Then God said, ‘Let us make mankind in our image, according to our likeness;

The verse says that God would make man “according to” his likeness. Other translations say “after” his likeness. None of them says "in" his likeness. We understand the likeness to be the full realisation of theosis – the completion of our journey of becoming one with the Holy Trinity, fully sharing in their life, their holiness, their knowledge, and their communion. If we read on a few verses, we hear:


So God created mankind in his image, in the image of God he created them; male and female he created them.

When it comes to the actual act of creating, there is nothing said about likeness, for that is still to be realised. We are only created in God’s image. Achieving the likeness of God is the whole point of our Christian life.

The Fall, therefore, was not a fall from some already deified state. (If man was already deified - already sharing in the divine life of the Holy Trinity, how could he sin?) Rather, the Fall was a fall from the journey of theosis. It was a fall from the loving, nurturing relationship with God in which we were to grow into what he would have us be, in conforming our hearts, minds, wills, bodies, and our whole being to Him. Man removed himself from this. That was the Fall. While he was still immature, man set his own will above that of God, for the fulfilling of his own desires. This is mirrored in the lives of each of us when we lose our innocence and "realise that we are naked", when we commit our own actual sins.

While we, living under the state of the Fall, can never presume to know for certain what would have been had the Fall never happened, it seems quite fitting that the Incarnation and Ascension - God becoming man and taking the human nature into himself - would always have been part of the divine plan for our growth into union with Him. The difference is that, because the Fall has happened, in taking our human nature upon himself, God also took what came along with that, which was death - death in which He shared and which He conquered by his glorious Resurrection, hence "trampling down death by death". It was necessary for Him to restore to the human nature that which was lost before He would take it into the divine life but that restoration, according to those Fathers who see the Incarnation as being part of the divine plan from the outset, was not the primary purpose. This seems to me to be a much healthier understanding of God and his mercy and love than the Catholic (pace, my Catholic friends) understanding, which essentially sees Christ's coming as a sort of contingency plan in response to man's sin.

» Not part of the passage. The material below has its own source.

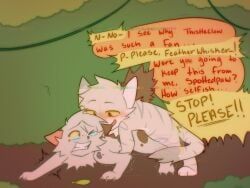 featherwhisker_(warriors), spottedleaf_(warriors), warriors_(book_series), warriors_(cats), freckledcoat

Therefore, O felix culpa, ("O happy fault!", as it appears in the Exultet from the pre-schism Orthodox West and currently used in some Orthodox communities today), cannot be understood from an Orthodox perspective as the Fall necessitating the Incarnation and Ascension. However, it seems to me that, had man not sinned, death would not have been introduced, and that the Death and Resurrection of Christ would never have needed to happen. Therefore, while it may well have been the case that, out of love, God had always intended to become man and elevate man to the divine life for our theosis, in so doing He also took on the redemptive role of restoring that part of man's nature that man had corrupted through sin. Therefore, in that sense only, "O felix culpa!" can be understood in an Orthodox way.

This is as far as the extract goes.